Distributed workflow for MCMC

I would like to set up an MCMC workflow using Distributed.

I have a Julia script that does the following:

  1. load all packages
  2. load the data
  3. run an MCMC chain, with index i, for i in 1:5
  4. save the result in some_chain_$i.jld2
  5. done! send the user a message.

I would like parallelize step 3 with Distributed. Is there a tutorial that would get me started? I have never used this package before, so sorry if not all questions make sense.

I am running everything on a single server which I fully control, so processes are local. Is it sufficient to just use addprocs(5) with the local manager?

Is it enough if I load packages using @everywhere?

For the core computation, can I just do something like this:

remotes = [remotecall(my_mcmc_runner, i, data, logdensity) for i in 1:5]
map(fetch, remotes)

to automatically finish when all tasks are done?
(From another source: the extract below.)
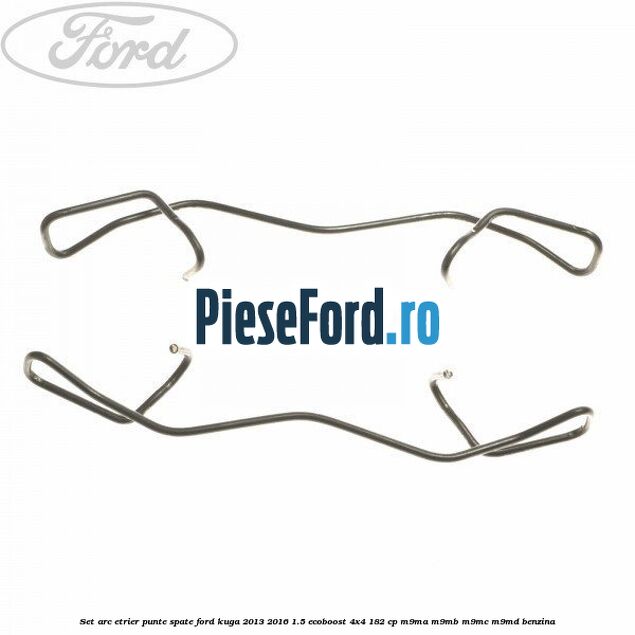 Set arc etrier punte spate Ford Kuga 2013-2016 1.5 EcoBoost 4x4 182 cp M9MA, M9MB, M9MC, M9MD benzina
Slight tangent, but IIUC Pidgeons.jl is essentially a distributed MCMC engine Custom MCMC · Pigeons.jl

Thanks, but that’s not what I want to do, I want to use DynamicHMC.jl.

I just need help with Distributed, as explained above.

MCMC is just the context, to indicate the kind of parallelism.

Not a direct answer, but consider using DistributedNext.jl instead. Much faster to start a worker and other nice improvements.

2 Likes

To answer these questions: Yes to all of them.

Perhaps consider controlling the RNGs of your workers. I don’t think you can realistically have 2 of them start with the same seed but for reproducability it of course beneficial nonetheless.

1 Like